Asbestos is a known killer and is currently banned for public use but it was extensively used in many buildings throughout Australia for decades as loose fill insulation and as fibre board (fibro). It is also found in everyday items like floor tiles and carpet underlay.
The extension of the Mr Fluffy warnings beyond Canberra and into country NSW is alarming for residents of these homes.
But it also highlights the likelihood that many dozens and perhaps hundreds of communications technicians were also and indeed still are at risk by having entered these spaces to run cable or drill into these walls to fix sockets and equipment.
Prior to the deregulation of the communications cabling market the vast majority of these workers would have been Telstra employees but the danger still exists for all customer premises workers today, including Telstra CTs, who are out there installing phone lines, ADSL type services or NBN-ready gear into private homes and business premises.
All communications techs, past and present, who believe they may have inadvertently been exposed to asbestos fibres in the course of their work should immediately take steps to have that possible contact recorded.

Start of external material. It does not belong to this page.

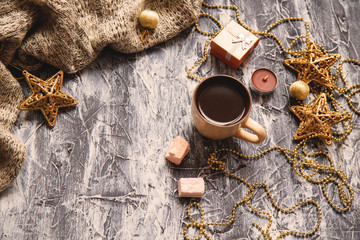 cup of coffee on a table with christmas decorations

This should be done by first raising an incident notification with your employer and have them register it but also make sure you cc your union branch who will also log it. It is also advisable to register your exposure with the Federal government’s ASEA (Asbestos Safety and Eradication Agency). All correspondence regarding this needs to be done in writing or in ASEA’s case by filling in the on-line survey stating where at work you may have been exposed.
Do it now!
Because the lag time between exposure to the fibre and any resulting ill health can be up to 10 or even 20 years later it is vital that the correct records are created now so that if by chance you or your family need to lodge a claim for compensation in the future you have evidence to support it.
If you suspect you may have been exposed but it was years ago it is still important to do it now. Your union can offer advice if you are unsure what information is relevant.